[THE INPUT — start]

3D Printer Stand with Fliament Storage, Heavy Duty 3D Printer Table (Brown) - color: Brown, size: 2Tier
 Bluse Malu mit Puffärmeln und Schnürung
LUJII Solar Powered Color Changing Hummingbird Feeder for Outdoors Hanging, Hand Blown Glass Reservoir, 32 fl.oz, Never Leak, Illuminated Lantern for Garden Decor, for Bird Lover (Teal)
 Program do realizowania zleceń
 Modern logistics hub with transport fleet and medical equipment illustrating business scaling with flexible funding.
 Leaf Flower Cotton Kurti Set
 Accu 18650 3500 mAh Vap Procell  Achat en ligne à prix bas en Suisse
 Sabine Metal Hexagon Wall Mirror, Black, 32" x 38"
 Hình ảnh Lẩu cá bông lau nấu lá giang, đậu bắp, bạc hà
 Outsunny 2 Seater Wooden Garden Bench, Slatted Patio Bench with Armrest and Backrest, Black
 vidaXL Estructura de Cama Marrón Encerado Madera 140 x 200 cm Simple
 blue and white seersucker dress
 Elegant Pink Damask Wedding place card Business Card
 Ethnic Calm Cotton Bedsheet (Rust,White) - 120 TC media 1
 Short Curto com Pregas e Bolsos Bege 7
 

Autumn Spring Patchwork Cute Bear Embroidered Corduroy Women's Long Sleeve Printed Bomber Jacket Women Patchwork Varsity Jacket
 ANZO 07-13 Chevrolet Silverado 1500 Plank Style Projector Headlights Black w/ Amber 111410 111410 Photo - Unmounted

[THE INPUT — finish]

Wherever a line in the data above holds "Cotton", copy that line.

◆ **OUTPUT OF THE EXERCISE**:
 Leaf Flower Cotton Kurti Set
 Ethnic Calm Cotton Bedsheet (Rust,White) - 120 TC media 1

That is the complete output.